Adam turned the small black book over and
over in his hands. “Do you think I’ll be sent screaming down to
Hell for taking this, Chollie?”

Chollie took the small leather bag from his
pocket and gave it a kiss. “It’s slapping you straight into Bedlam
that could happen, that’s what I’m thinking. What are you going to
do with that terrible thing?”

“I’m going to read it, Chollie, of course.
What was it your dear mother said? Better the devil you know? I
think she was right. If Dickie and Edmund are playing at some new
sort of Hell-fire Club devil worship, devilish games, or whatever
in—excuse me for this, Chollie, but—whatever in
hell
they’re
doing, at least should know the rules.”

~ ~ ~

Sherry all but paced a hole in the
drawing-room carpet as she waited for Adam to return from wherever
he and Chollie had gone off to more than an hour earlier.

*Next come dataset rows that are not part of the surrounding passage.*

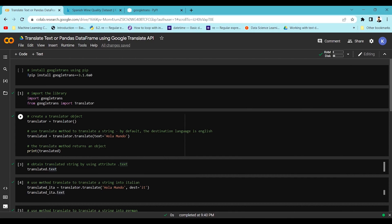Let's start with the demo — how we can use googletrans to do all of these things, including how to translate a pandas DataFrame column into the required language.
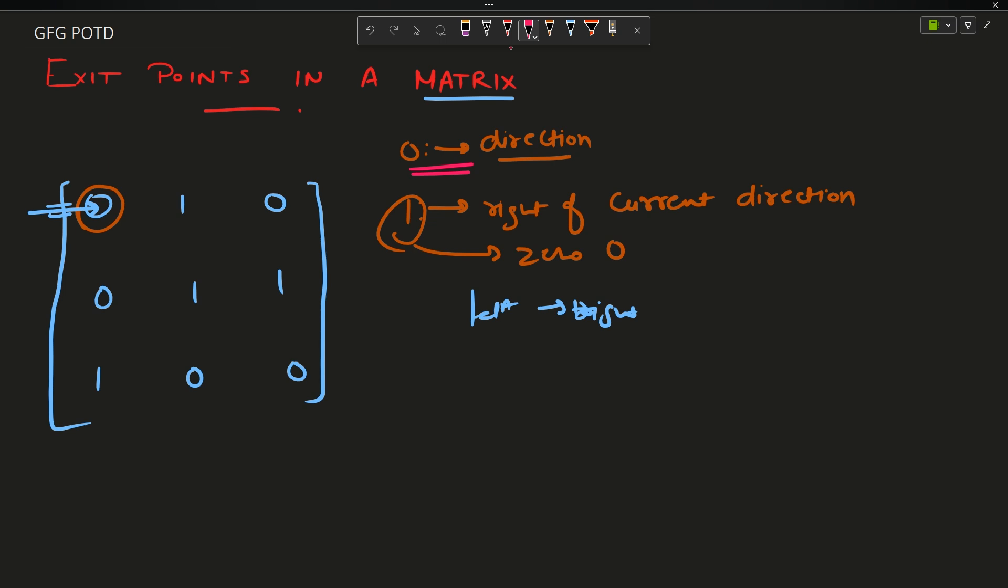After coming here you see that there is a zero. You move in the same direction from here up till here. Now you encounter one. The one says move right of it. So the right of the left to right direction is this direction. I will move here and before moving I will change this to zero. Now again one, the right direction of the current direction is this direction, so I will change it to zero and I will move here.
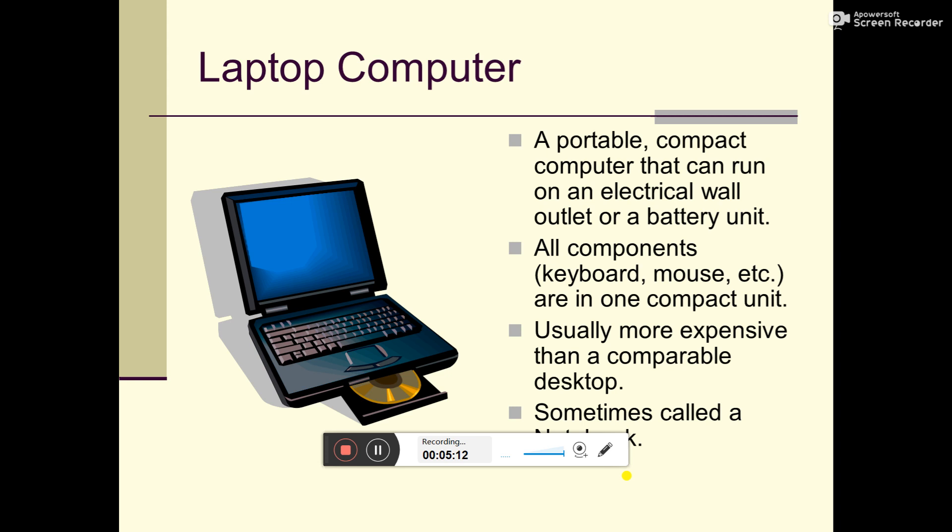All components - keyboard, mouse, etc. - are in one compact unit. Laptop has keyboard, mouse or touchpad merged together. Usually more expensive than comparable desktop computer.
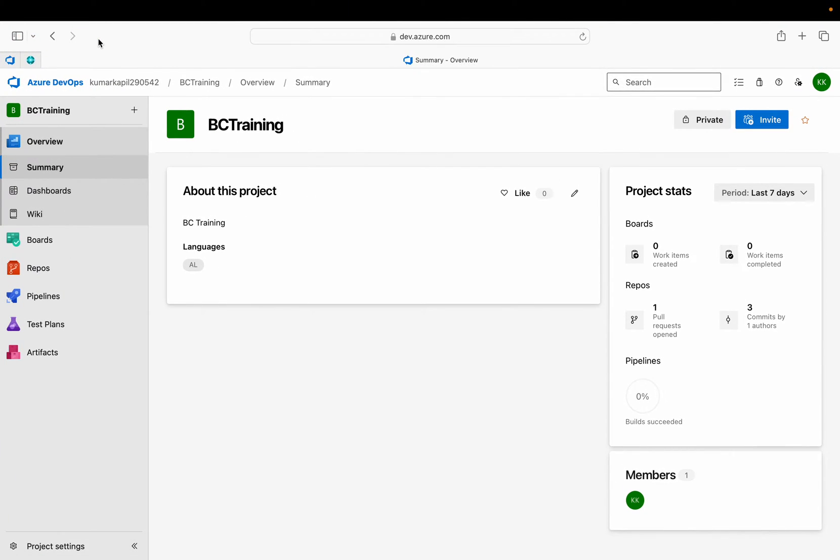Hello friends, welcome to my channel Go Digit. Today this video is going to be about Azure DevOps where we will learn about one mini tip.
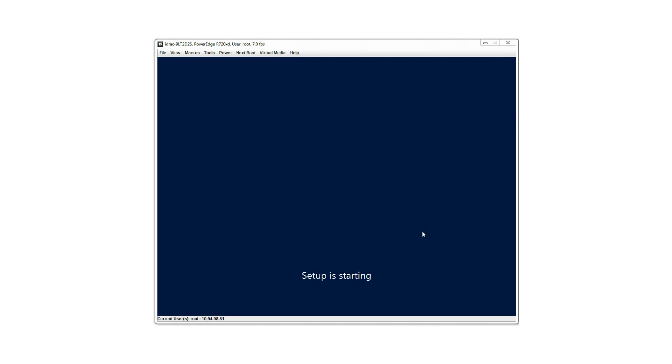For more information on the Dell Lifecycle Controller, visit dell.com/techcenter/LC.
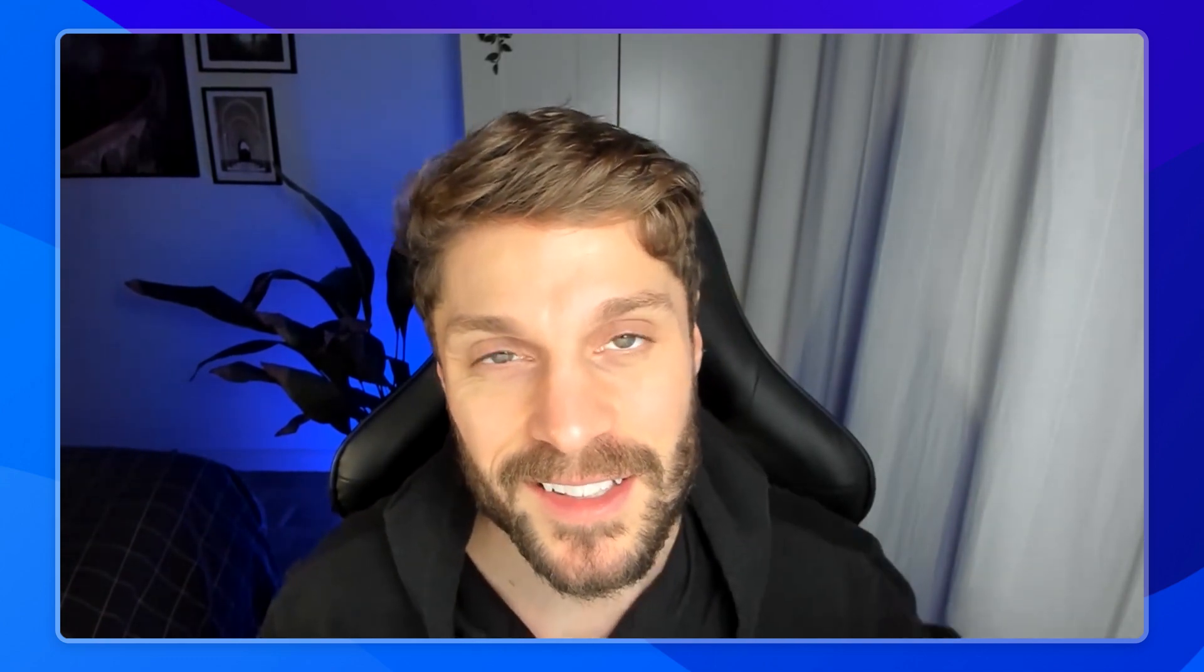I'm Jason, growth specialist at WildMail, where we help make ActiveCampaign even better for Europe-based businesses. Let's dive in.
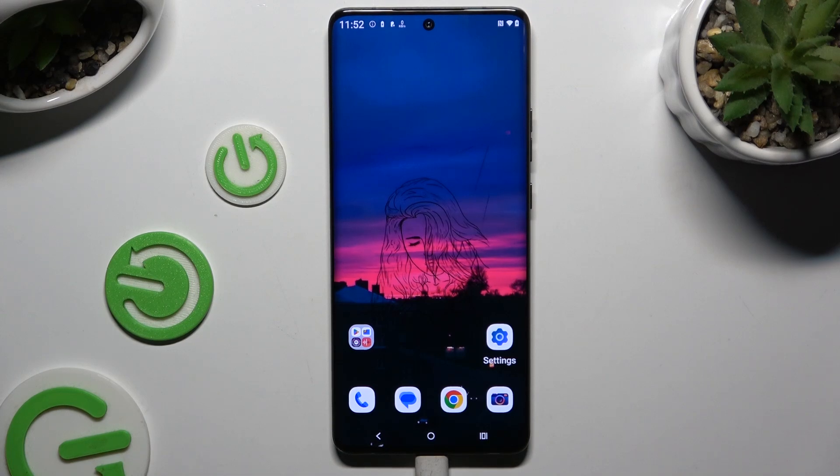In front of me is the Motorola Edge 50 Ultra, and today I would like to show you how you can set up an alarm clock.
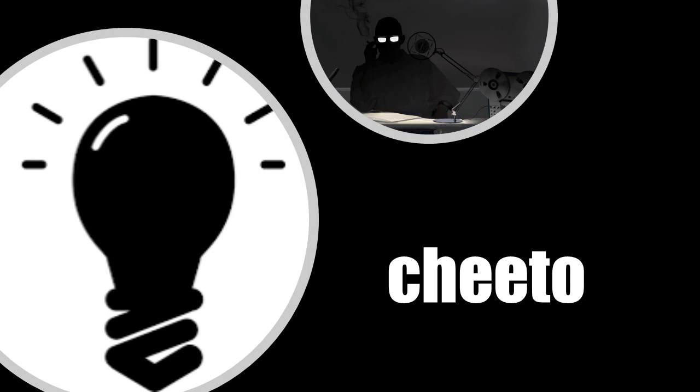Today we have secured documents belonging to the SCP Foundation and will reveal to you the nature of SCP-6036.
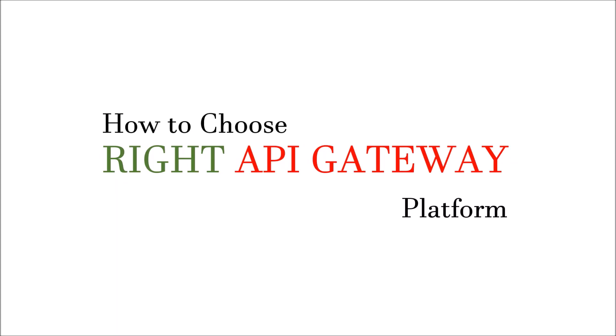In this video, we are going to talk about how to choose the right API Gateway platform. So let's get started. If you are new to byte programming and do not want to miss any updates, remember to subscribe.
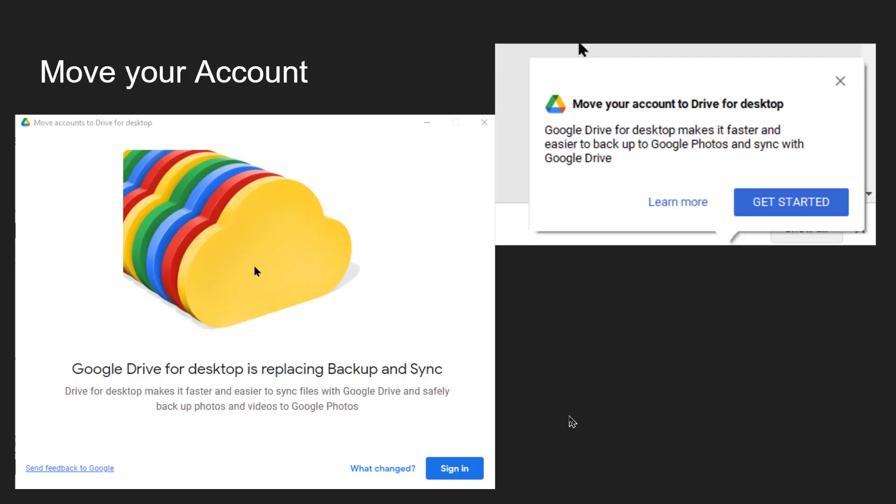So if you are using Backup and Sync you will be seeing these messages. Google Drive is replacing Backup and Sync. It will pop up. It will ask you to get started.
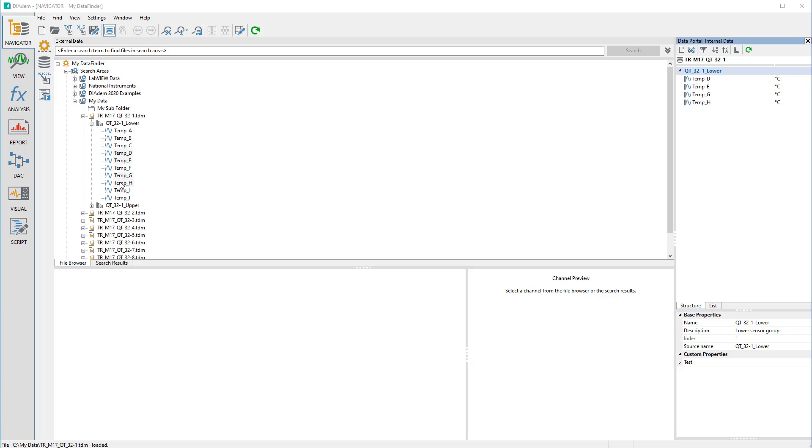Please also have a look at the other videos on topics related to Diadem and Data Finder. And Carpe Diadem.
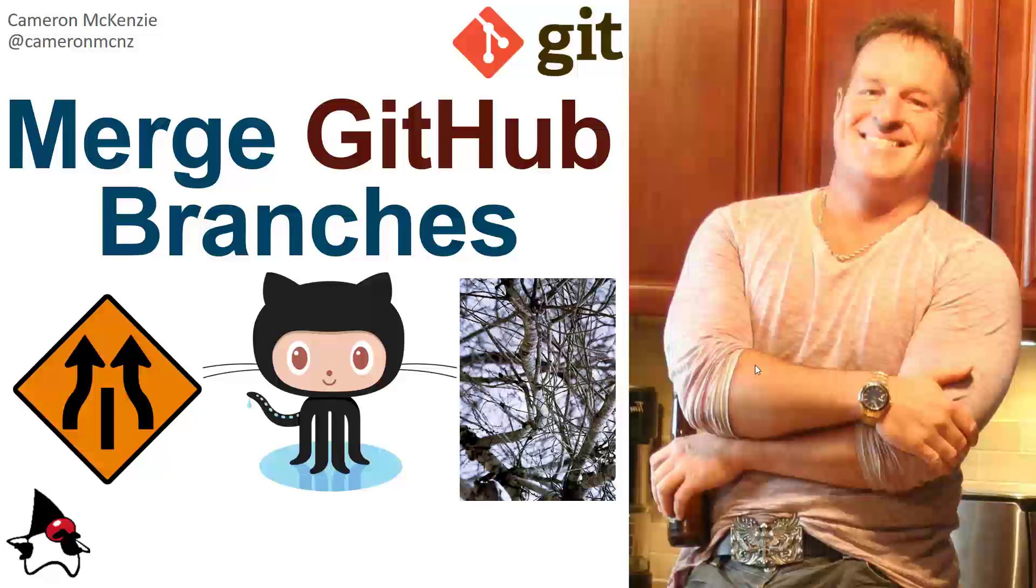Hey, Cameron McKenzie here, editor-in-chief at theserverside.com. I wanted to talk to you about GitHub, about branches, and about how you can merge branches in GitHub.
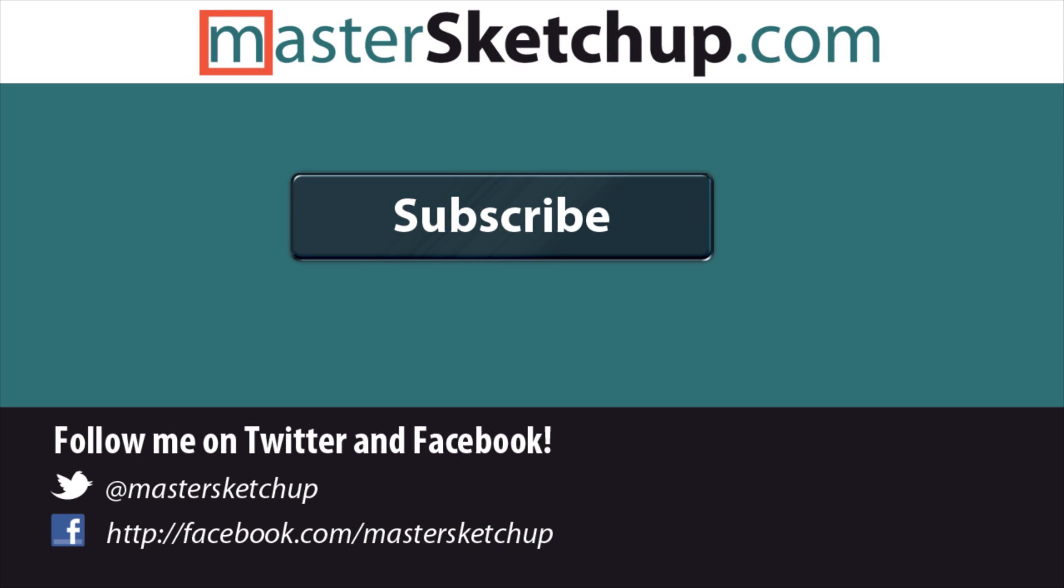Start using some of these advanced features and you'll save a ton of time instead of throwing guides out everywhere. If you want to check out my website for more tutorials, go to mastersketchup.com.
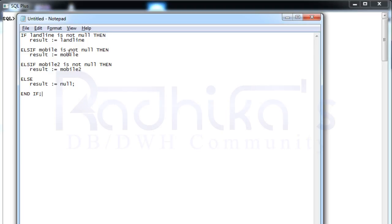As the number of attributes keep increasing and you're checking each and every attribute, your code is going to be increasing. So is there any other way or approach to achieve this particular result? That's the reason we are going to see a function called COALESCE in Oracle PL/SQL that is most widely used now.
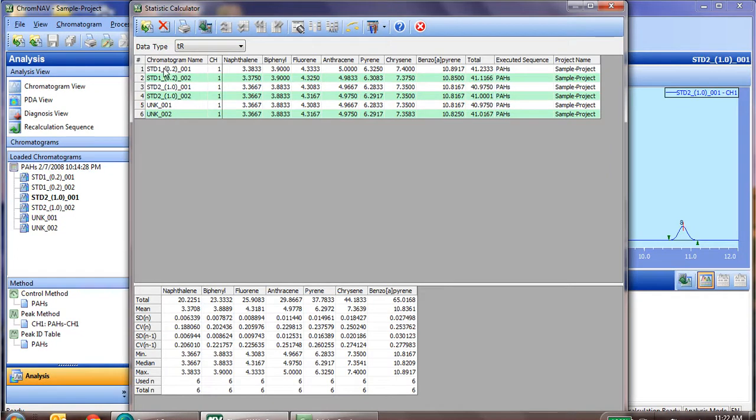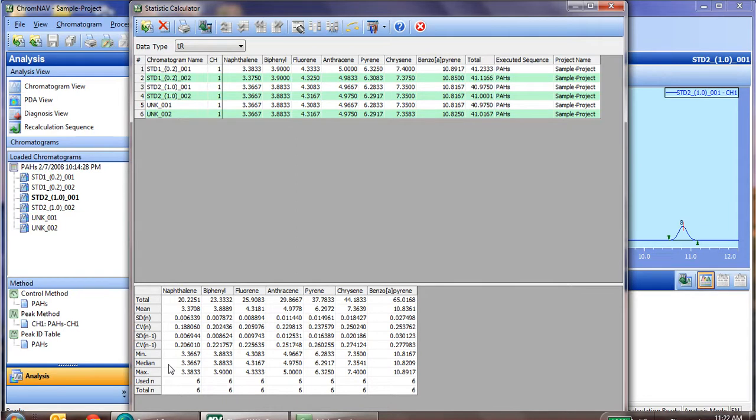So what we get is all of our chromatograms, and based on retention time that's been filled in for each, we get our standard deviations, our means, our totals if you add them up, and a relative standard deviation.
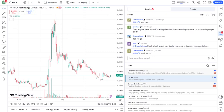Today, we're focusing on KULR Technology Group Incorporated, ticker symbol KULR. We'll break down what's been happening with the stock, what you need to know, and whether it's a buy, hold, or sell. So let's get into it.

How could he have left her alone like
this?

Didn’t he know?

Didn’t he care?

Court her. That’s what he’d said. He was
going to court her. Hah! That was rather difficult to do, when they
never seemed to so much as be in the same room at the same
time.

And what would she tell him, when he finally
did come home? That she’d all but chased Rimmon out of the house?
How was she going to explain that to him?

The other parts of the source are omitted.